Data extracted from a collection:
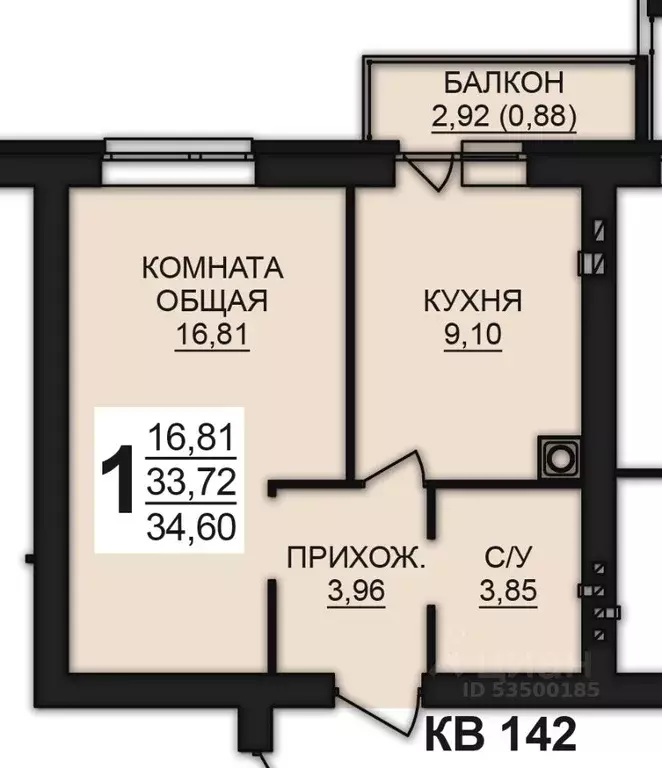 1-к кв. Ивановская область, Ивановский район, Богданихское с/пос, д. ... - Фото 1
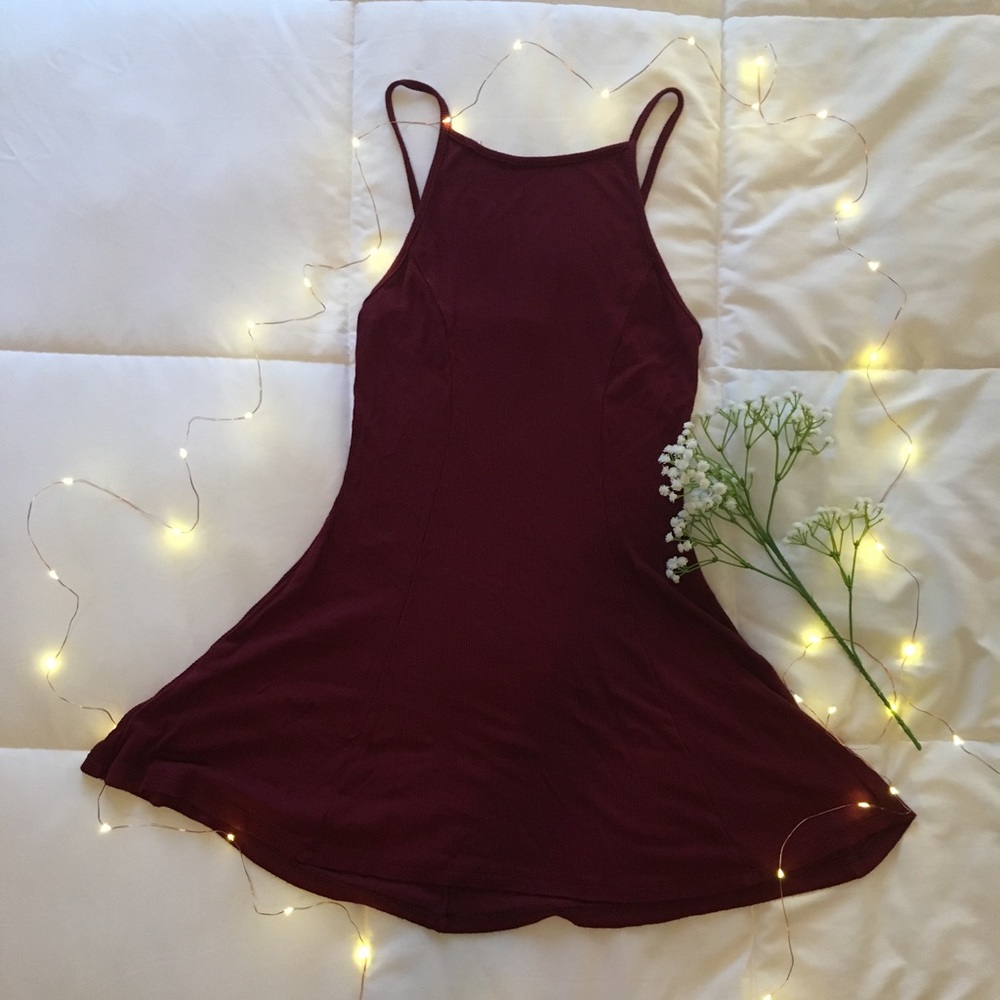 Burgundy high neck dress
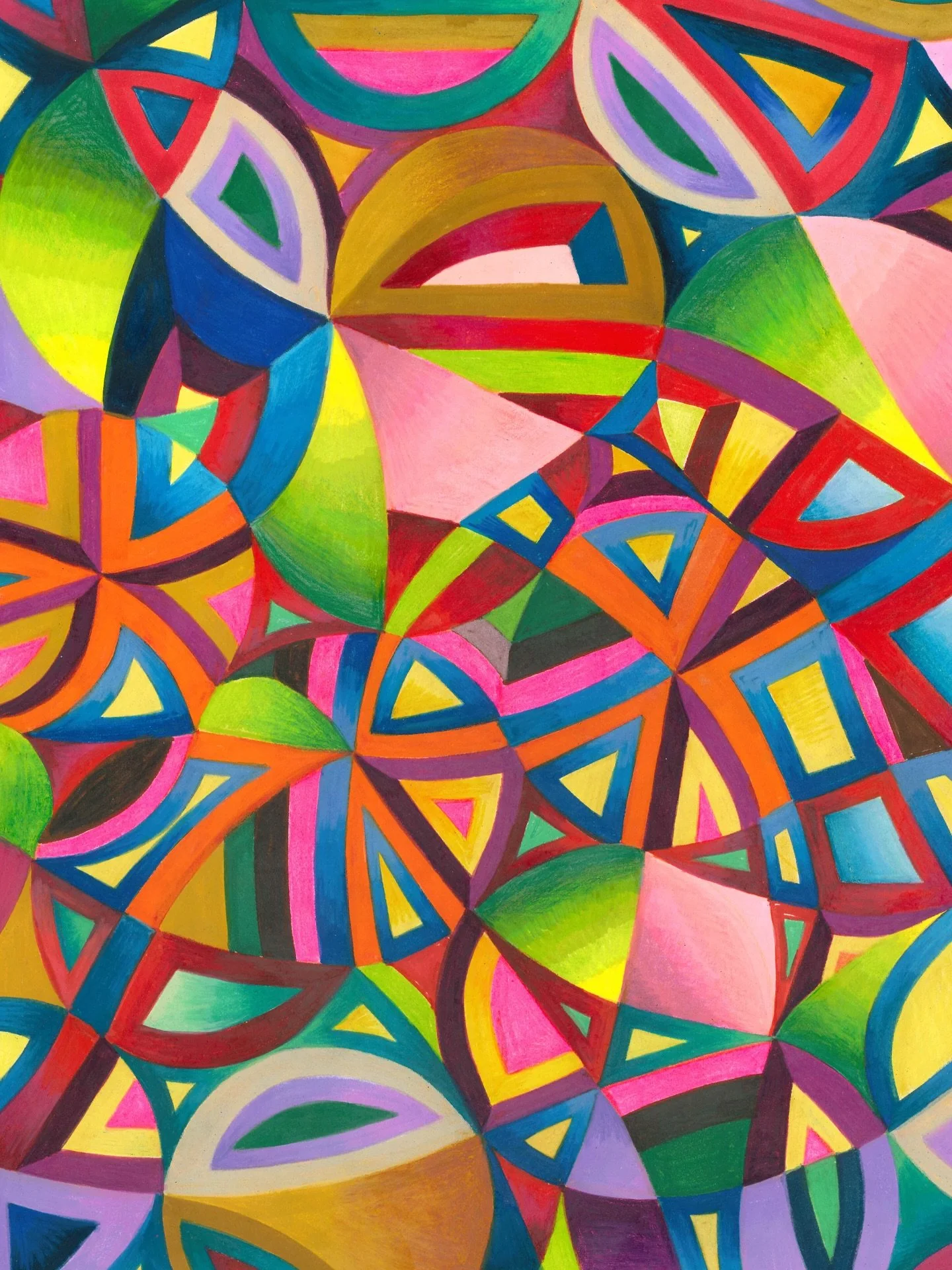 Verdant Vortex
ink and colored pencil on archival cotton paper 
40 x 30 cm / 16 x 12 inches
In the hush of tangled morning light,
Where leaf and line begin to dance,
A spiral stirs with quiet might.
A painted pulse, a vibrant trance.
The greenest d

DESCRIPTION OF THE TASK:
Take the line that contains "40 x 30 cm / 16 x 12 inches" and every line after it to the end of the entries above, and reproduce them exactly.

RESPONSE AREA:
40 x 30 cm / 16 x 12 inches
In the hush of tangled morning light,
Where leaf and line begin to dance,
A spiral stirs with quiet might.
A painted pulse, a vibrant trance.
The greenest d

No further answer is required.